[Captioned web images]
• • • • • • •
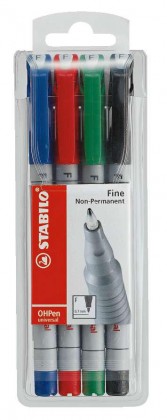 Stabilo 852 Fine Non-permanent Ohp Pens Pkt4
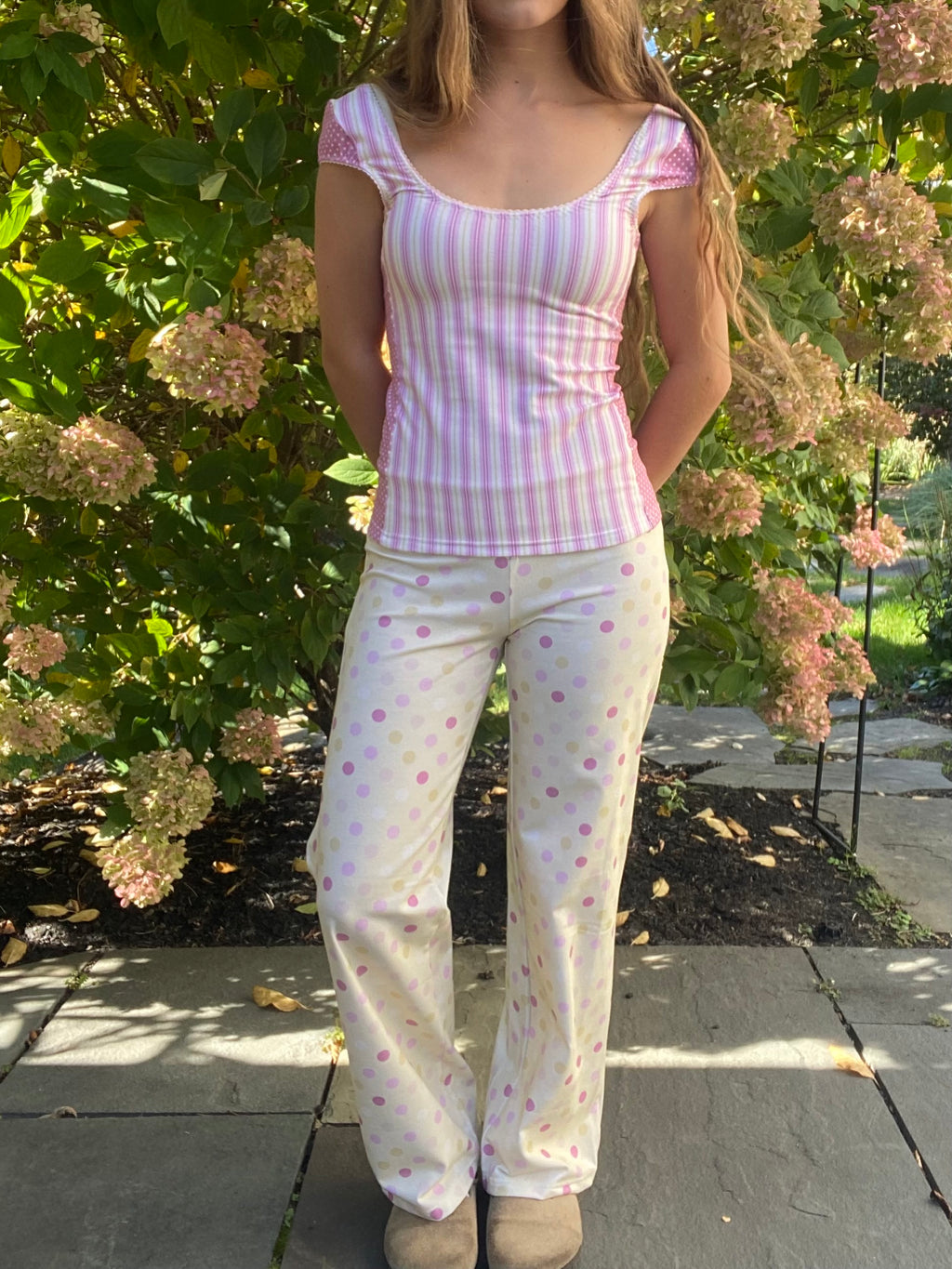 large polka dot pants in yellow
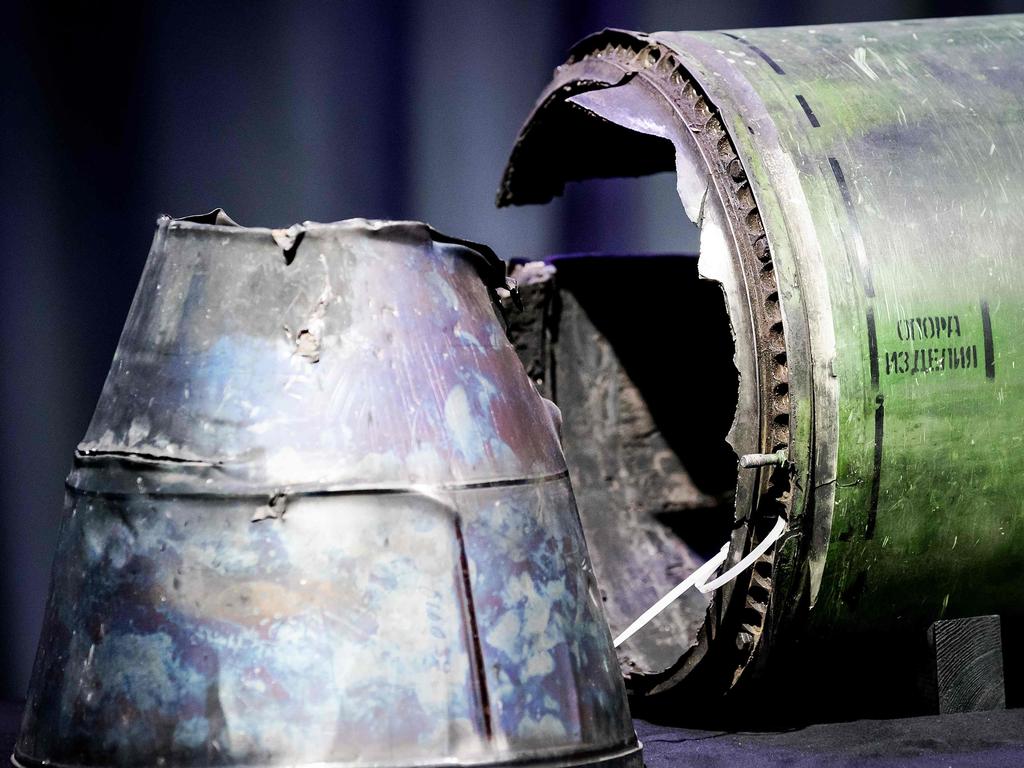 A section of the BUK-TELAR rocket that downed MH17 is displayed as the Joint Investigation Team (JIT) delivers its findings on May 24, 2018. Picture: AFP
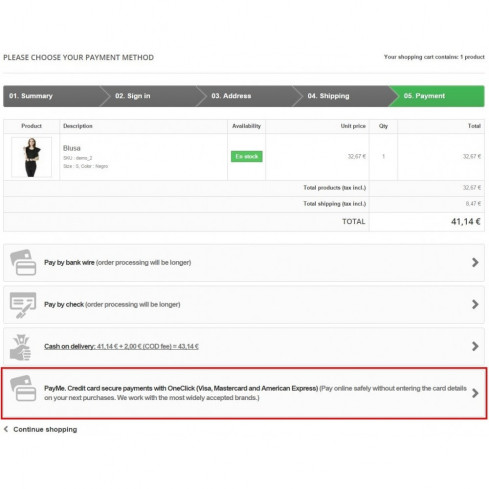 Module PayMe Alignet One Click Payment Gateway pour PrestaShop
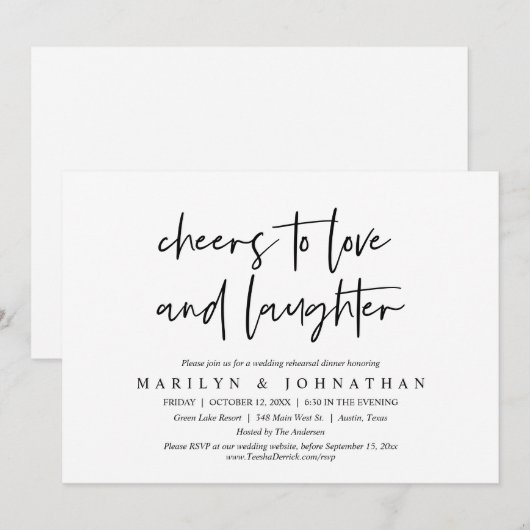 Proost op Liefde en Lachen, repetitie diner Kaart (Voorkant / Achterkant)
• • • • • • •
**REQUIRED ACTION:** This exercise asks for the data above to be given again exactly, without pictures.

**RESULT FOR THIS TASK:**
 Stabilo 852 Fine Non-permanent Ohp Pens Pkt4
 large polka dot pants in yellow
 A section of the BUK-TELAR rocket that downed MH17 is displayed as the Joint Investigation Team (JIT) delivers its findings on May 24, 2018. Picture: AFP
 Module PayMe Alignet One Click Payment Gateway pour PrestaShop
 Proost op Liefde en Lachen, repetitie diner Kaart (Voorkant / Achterkant)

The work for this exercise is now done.